<<<<
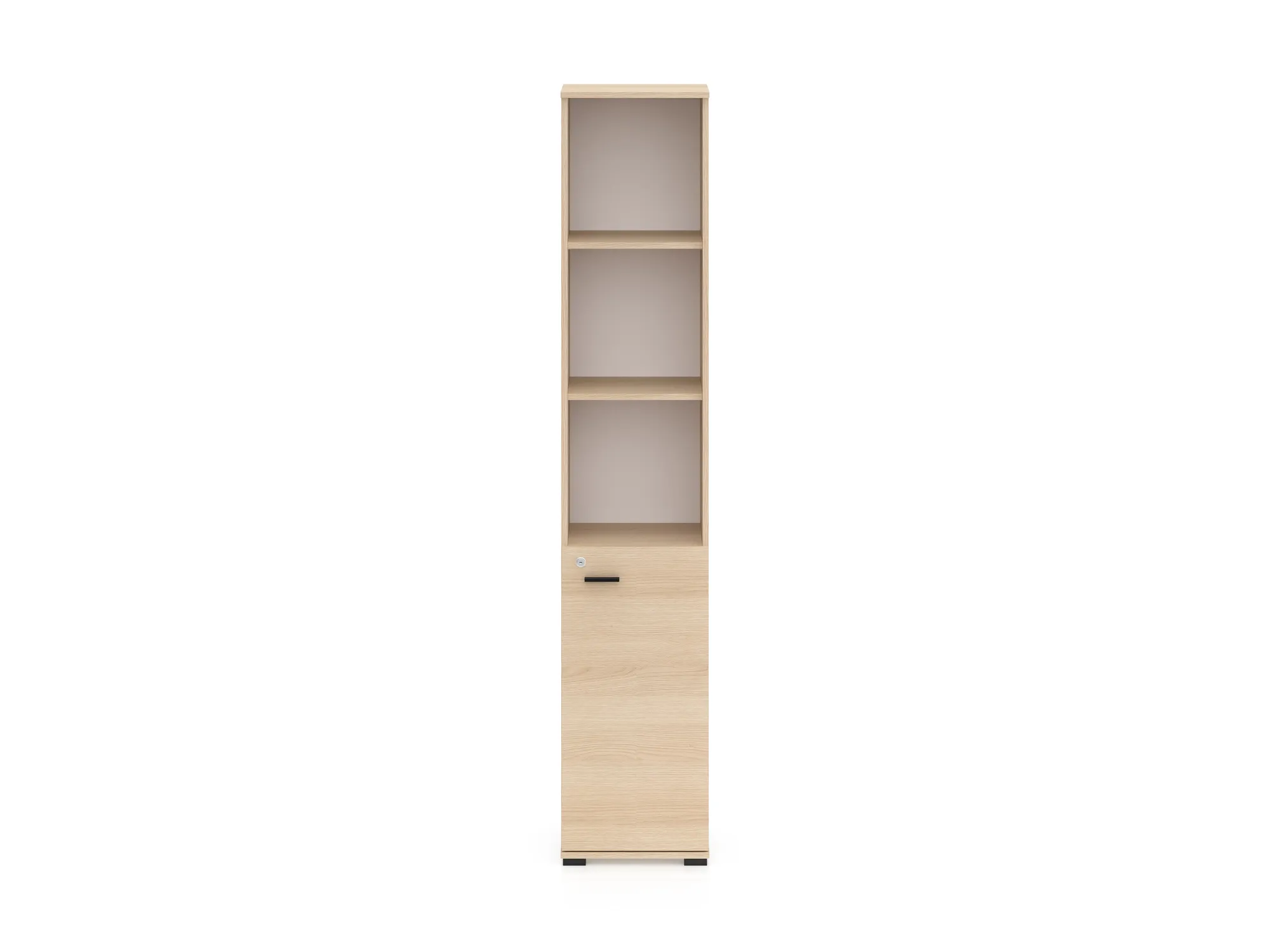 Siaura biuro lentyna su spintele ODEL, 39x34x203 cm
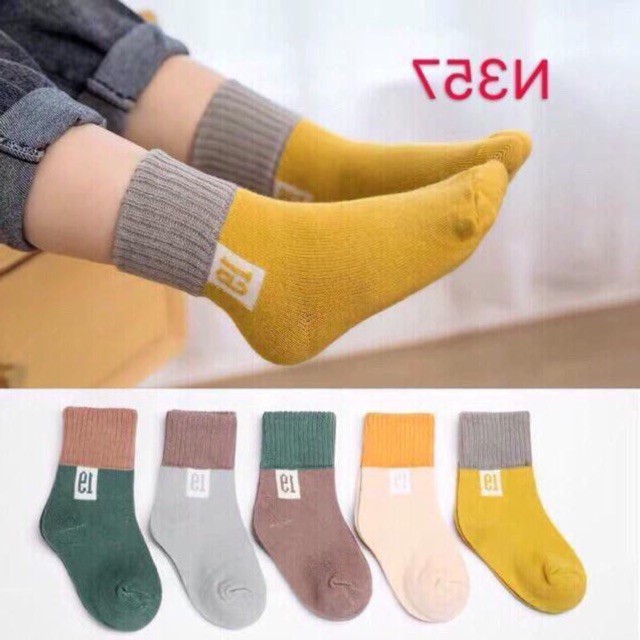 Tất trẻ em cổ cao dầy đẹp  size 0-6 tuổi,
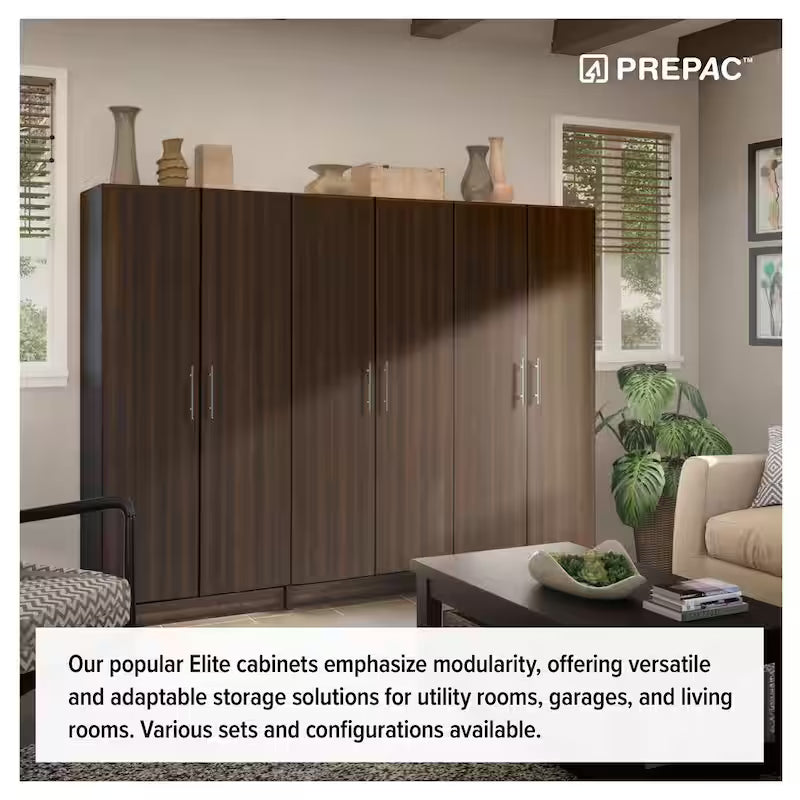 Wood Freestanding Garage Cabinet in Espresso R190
>>>>
**ASSIGNMENT**
Quote the material exactly. Pictures stay out.

**ANSWER BOX**
 Siaura biuro lentyna su spintele ODEL, 39x34x203 cm
 Tất trẻ em cổ cao dầy đẹp  size 0-6 tuổi,
 Wood Freestanding Garage Cabinet in Espresso R190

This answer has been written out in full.